A common reaction is just simply not to upgrade from existing operating systems and applications. Well, not quite. As software evolves, providing more and more features and sophistication, end-users can hardly resist the temptation to use them. While there might be some, most users are not using the original DOS 1.x and its applications.

Even though existing popular operating systems might be good enough execution platforms for Thai applications, it would be unwise anyway to ignore making preparations for the upcoming waves of technology.

Given the fact that future operating systems will support 10646/Unicode, it is anticipated that basic operating systems will provide a rendering engine that can handle Thai without localisation. The market for Thai cards/drivers is likely to shrink, while competition will be fiercer.

Software written on top of WTT has one distinguishing advantage: WTT applications do not deal directly with I/O. Therefore, it is possible to insert bidirectional character conversion between TIS 620 and 10646/Unicode under the WTT I/O layer. The effect is that a WTT application will continue to run even if the operating system interface were to change to a two-byte character I/O.

Software written abroad will have a better chance to penetrate the Thai market since the authors will understand about combining marks and can write packages that deal with combining marks since 10646/Unicode will have solved the problem of having multiple semantics for each character value.

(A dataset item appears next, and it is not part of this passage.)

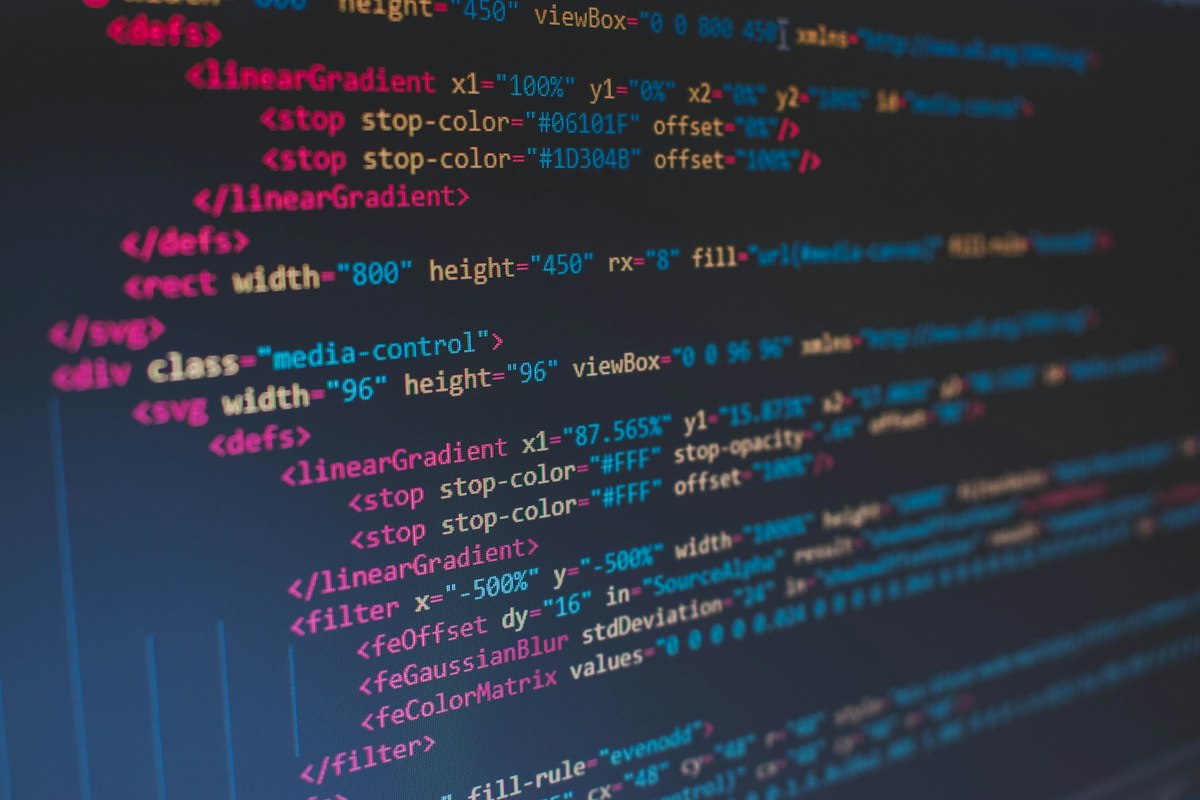 Colorful programming source code filling a dark code-editor screen — generic developer stock photo illustrating the coding-agent comparisons below, not a real screenshot of any tool, editor, or benchmark result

Knowledge about Thai and side-effects of combining marks is still very rare in the international software community. This opens an opportunity for WTT API to play an important role as Thai-specific run-time library for 10646/Unicode-based operating systems.

An obvious thing that the local software industry should consider at this moment is WTT implementation. It is a win-win solution for all parties concerned. It proposes a new programming model with a clear separation of I/O from processing. WTT is not positioned to be the Thai system, but it has so many attractive features that it could provide a head start for those who wish to work out a contingency plan for a possible catastrophe in the future. Its design is in the public domain anyway.

The decision of whether to opt for WTT or not and its success now relies on how well Thai solution suppliers will implement it as well as how much application programmers and end-users demand it.

Trin Tantsetthi is an active member of TAPIC and TISI software committee. Trin is a software architect at Digital Equipment (Thailand) Ltd. His group works on software internationalisation, standards and also offers consultancy services on software internationalisation. As an individual contributor, he has followed 10646 since 1989 and usually defended Thailand's interests in ISO 10646 design process which has been completed now.

Being a network evangelist, Trin has been playing an active part in NECTEC's ThaiSarn network of which he assumes the roles of network architect and backbone designer as well as running a major ThaiSarn hub. His name appears on various BBS around Bangkok.